Self-Watering Soil Could Transform Farming

news.utexas.edu
  • A gram of this soil can extract ~3.5 grams of water from air, and 0.1 to 1 kilogram (depending on the crops) can provide enough water for 1 square meter of land.
  • The soil is infused with a super-moisture-absorbent gel, which releases water when heated.
  • During a 4-week experiment, the soil retained ~40% of the water it started with, compared to only 20% left after 1 week in normal sandy soil.
  • The creators have been working for over 2 years on “super sponge” gel-polymer hybrid materials that extract water from air and release it when heated by the sun.
  • This is just the first use of this technology, and it could potentially enable farmers to grow crops in areas where there’s no water.

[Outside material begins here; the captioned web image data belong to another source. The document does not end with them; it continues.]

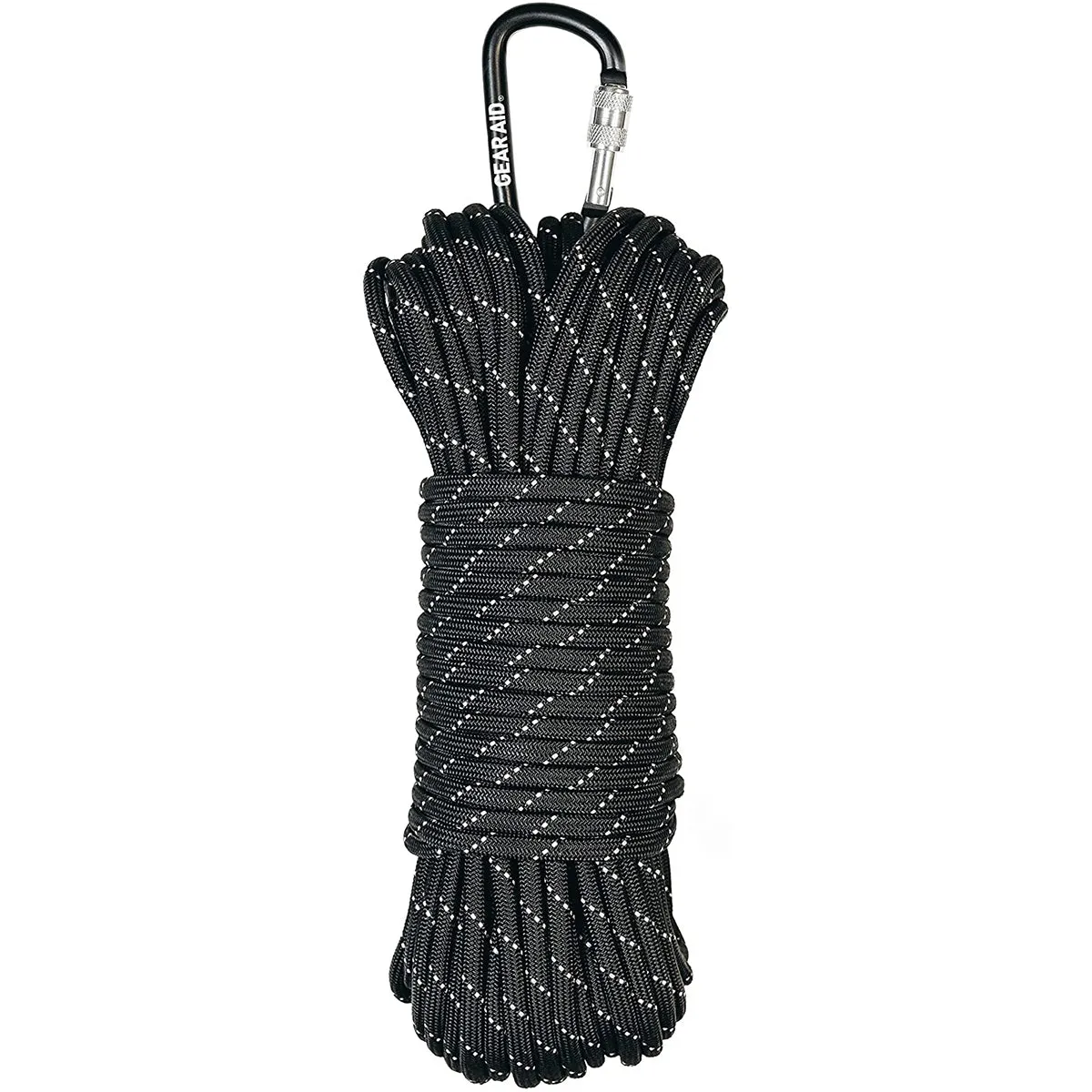 Gear Aid 100 ft. Extra Heavy Duty 1100 Paracord with Carabiner -Black/Reflective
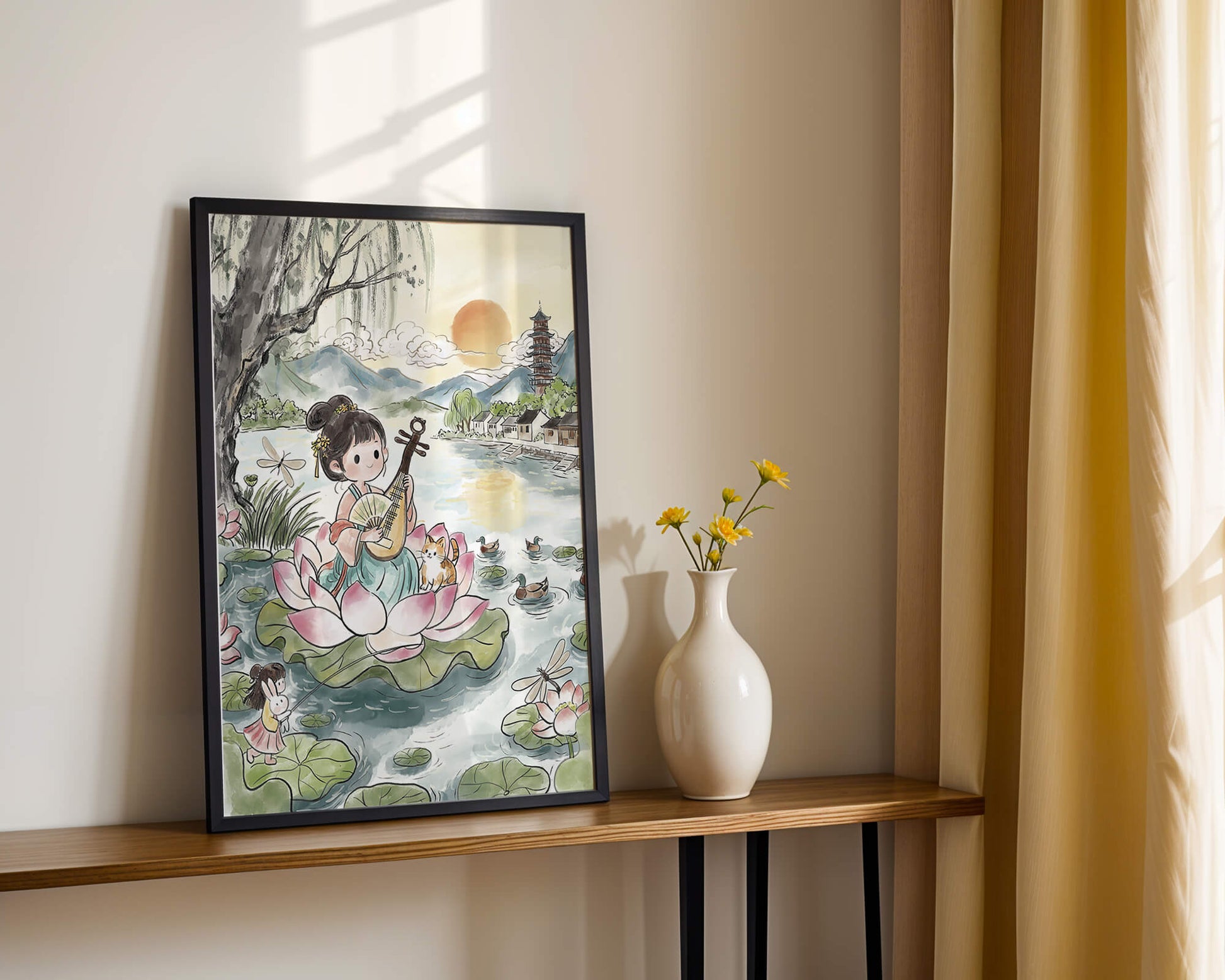 Traditional Asian Scenery with Girl Playing Instrument on Lotus Pond at Sunset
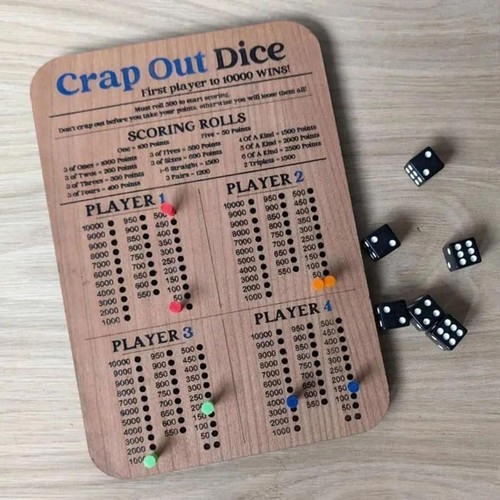 Funny Crap Out Dice Score Board Wooden Dice Board Game Farkle Dice Tray AU - Picture 5 of 12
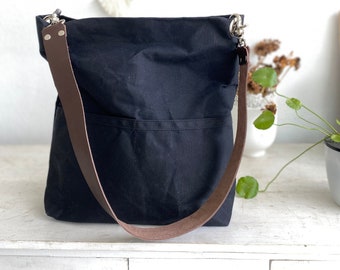 Black canvas shoulder bag, small Hobo bag,  Travel tote bag leather strap, Water resistant bucket bag - Mila Tote Bag | 201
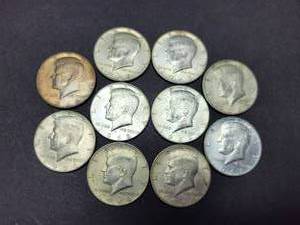 lot 75 image: LOT OF (10) 40% SILVER KENNEDY HALF DOLLARS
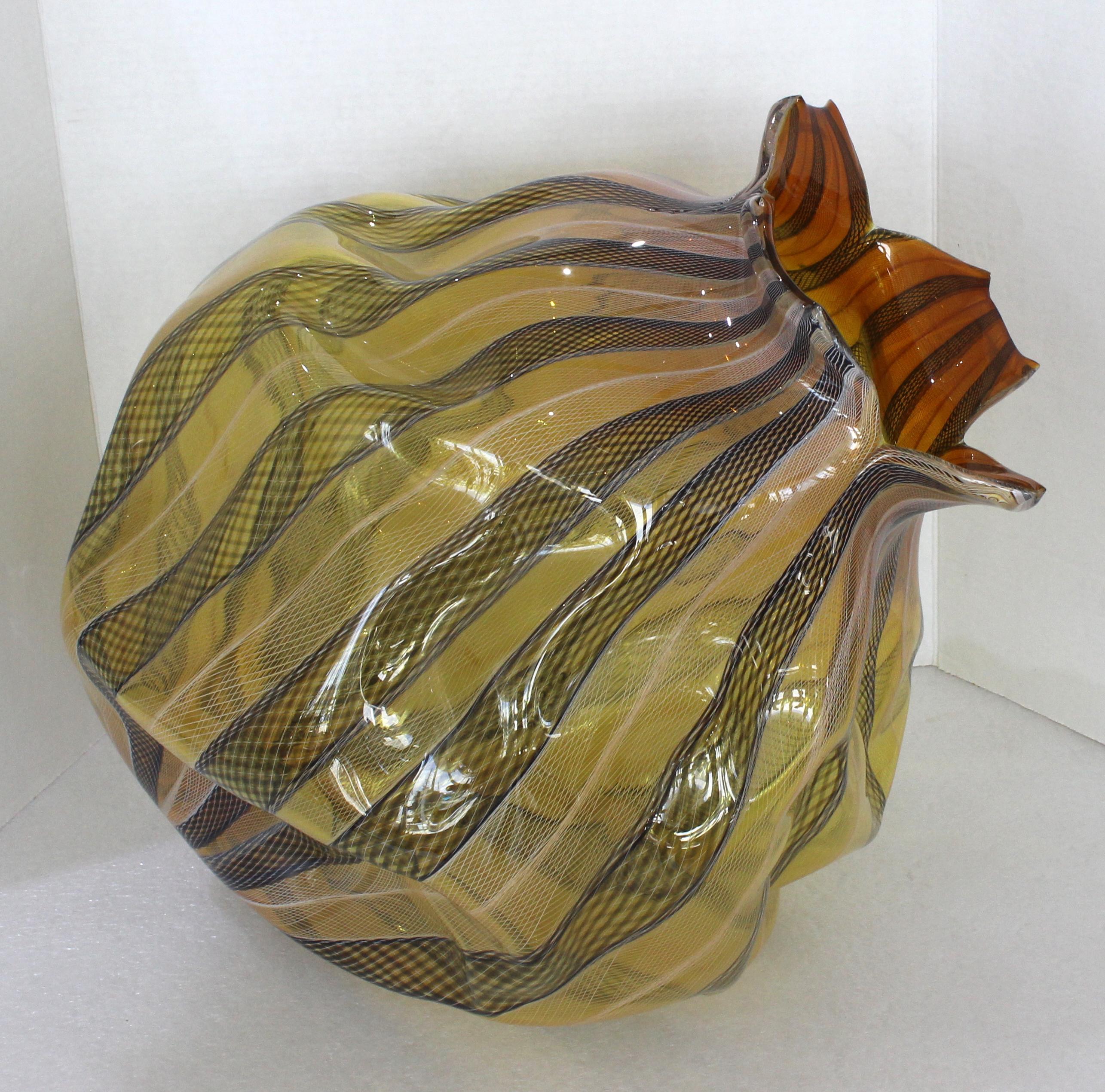 Hand-Crafted Pilchuk Style Glass Vase Sculpture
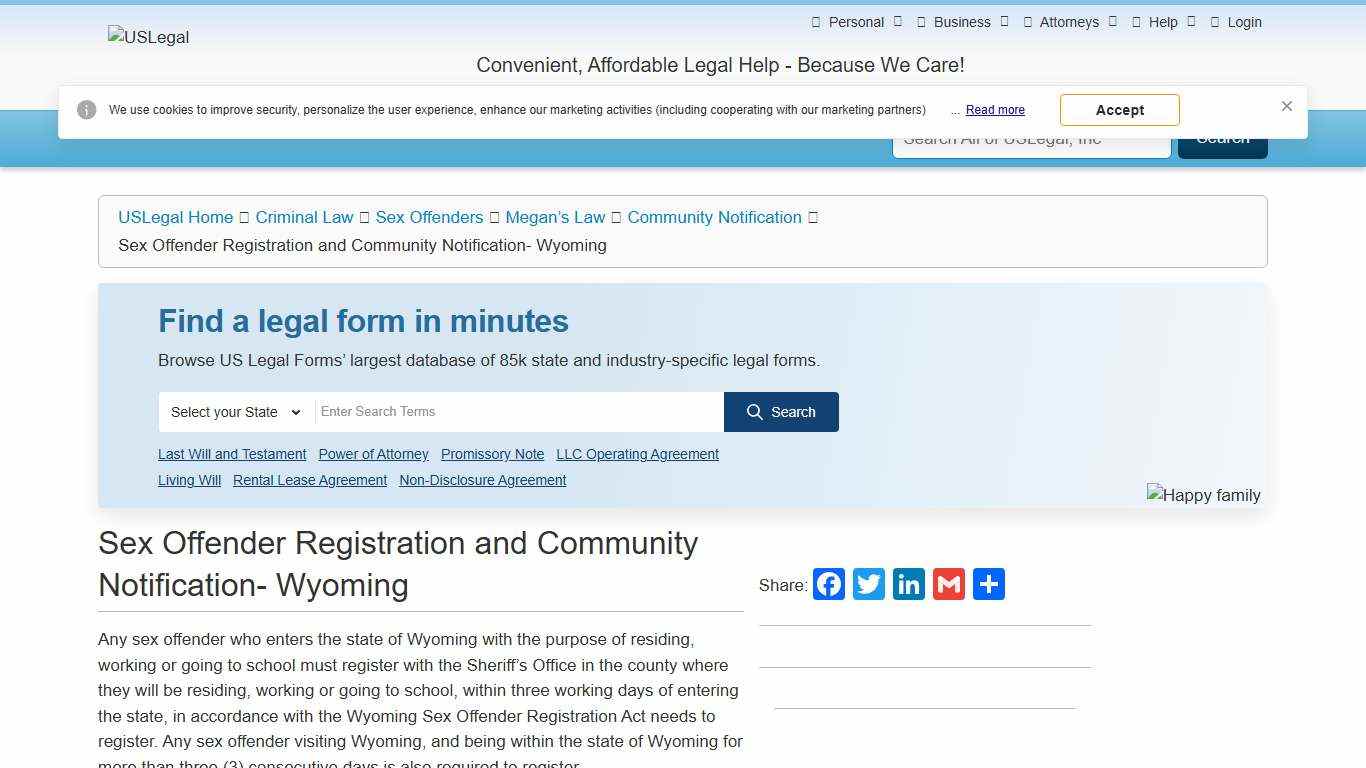 Sex Offender Registration and Community Notification- Wyoming – Criminal Law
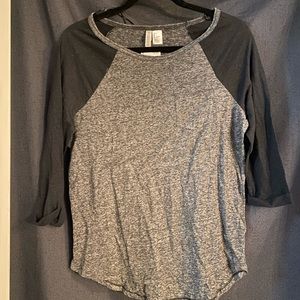 NWT H&M Black & Grey Baseball Top in SMALL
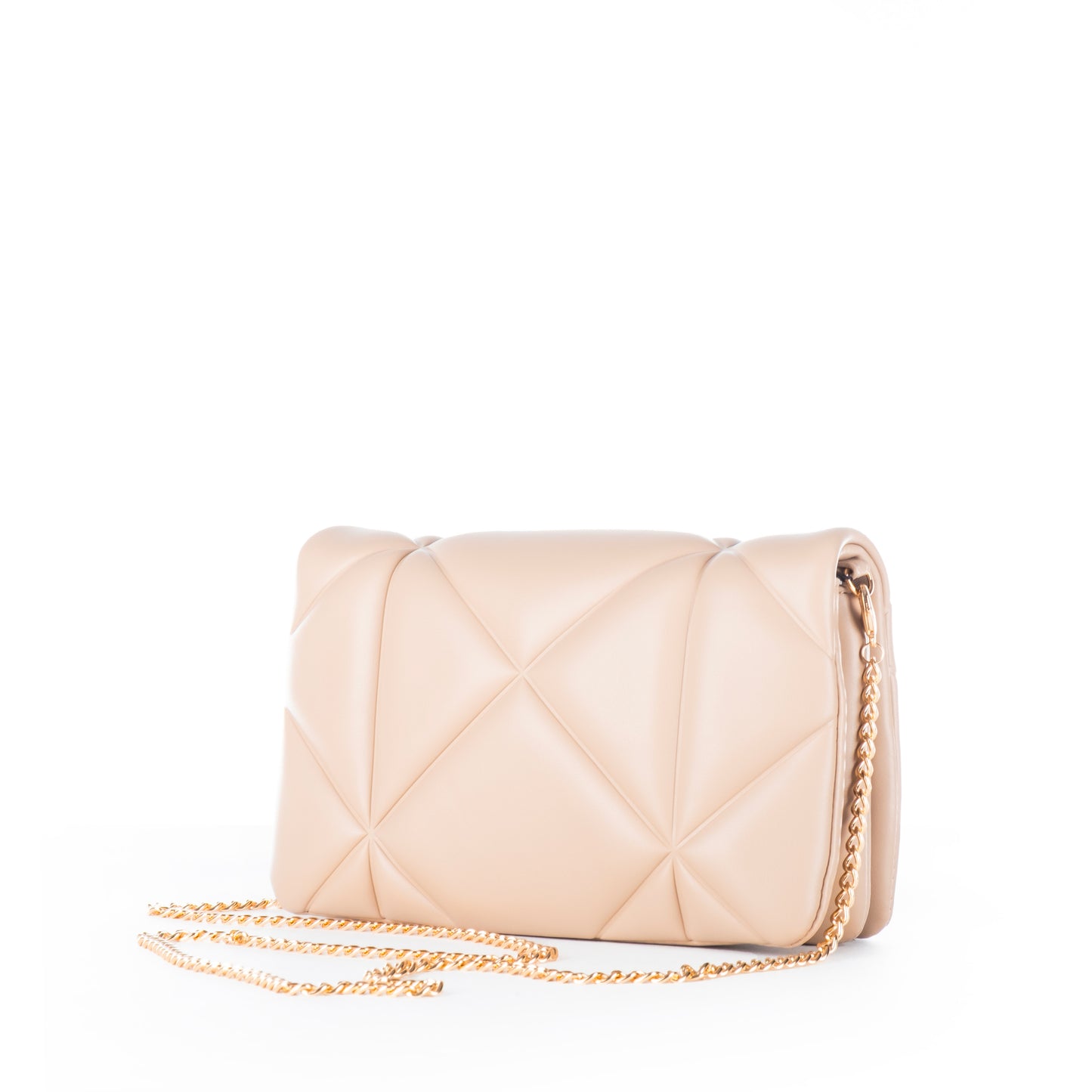 Bolsa Tiracolo Love Moschino Bege Matelassê com Logo Dourado e Alça Corrente Ajustável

A revolution in the field of energy research

upv.es
  • New technology can, among other uses, produce hydrogen from water without emitting greenhouse gases, to be used industrially and for transportation.
  • Creators are studying other potential uses, including the ability to recharge batteries in seconds, or generate oxygen from space rocks for planet explorers.
  • The technology is based on an observation that some materials change properties in unusual ways when treated with microwaves compared to normal heating.
  • Microwaves accelerate electrons in ionic materials, triggering the release of oxygen molecules.
  • This technology could play a big role in the global mission to reduce greenhouse gas emissions to zero.

Microwaving plastic waste can generate clean hydrogen

newscientist.com
  • New method, quicker and less energy-intensive compared to alternatives, can recover 97% of hydrogen from plastic within seconds.
  • Scientists cut up plastic into small pieces, mixed it with a catalyst of iron oxide and aluminium oxide, and blasted it with a 1000 watt microwave generator.
  • The leftover solid material was carbon nanotubes.
  • So far it was only tested in experiments with 300 grams of plastic, but larger experiments are being planned.